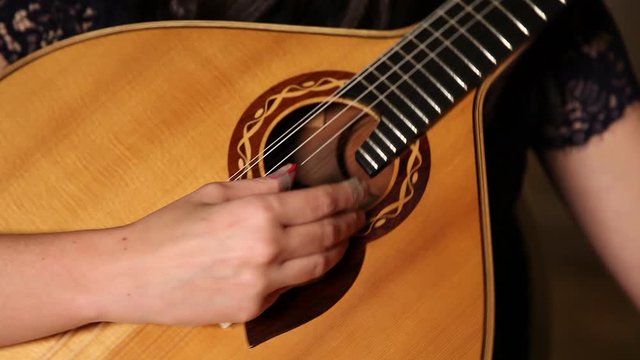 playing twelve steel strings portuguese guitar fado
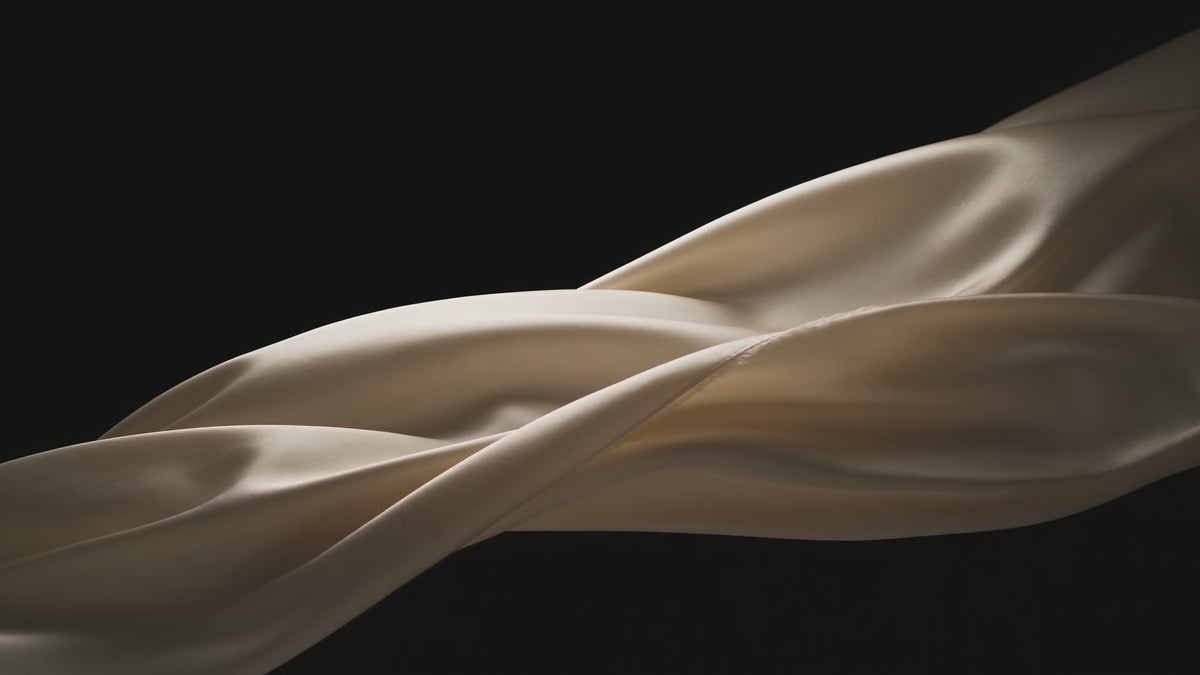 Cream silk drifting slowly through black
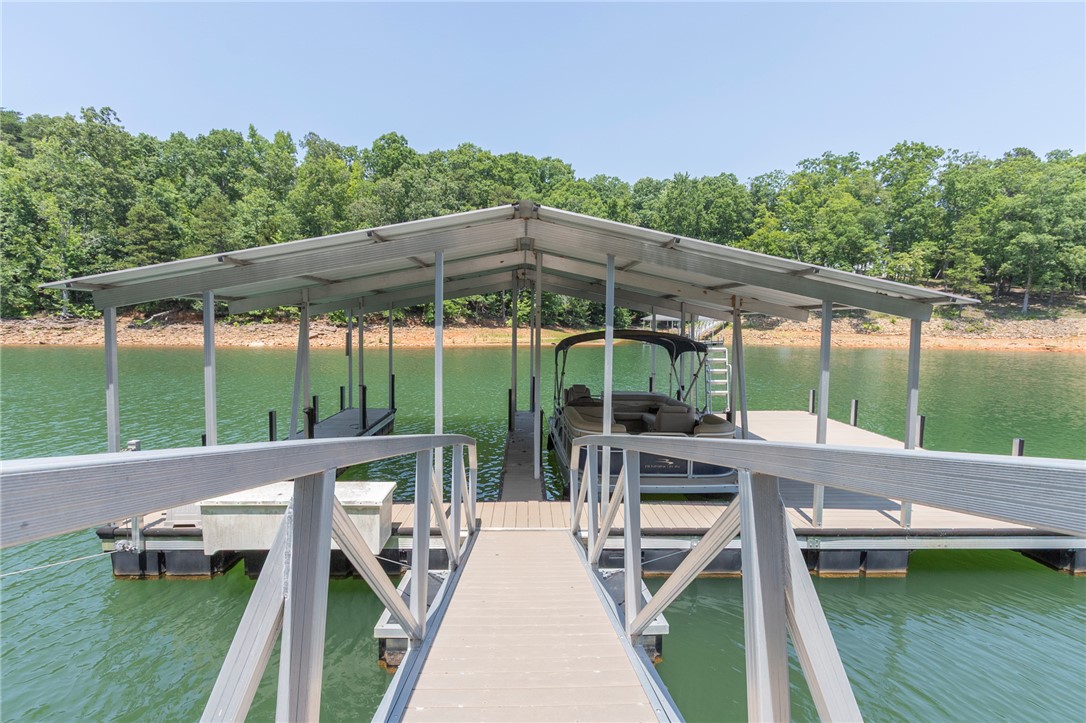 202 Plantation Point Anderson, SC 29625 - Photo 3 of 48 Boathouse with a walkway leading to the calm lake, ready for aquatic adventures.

__________________________________________________

ASSIGNMENT: Return the listing verbatim; pictures are not part of the copy.

ANSWER SECTION:
 playing twelve steel strings portuguese guitar fado
 Cream silk drifting slowly through black
 202 Plantation Point Anderson, SC 29625 - Photo 3 of 48 Boathouse with a walkway leading to the calm lake, ready for aquatic adventures.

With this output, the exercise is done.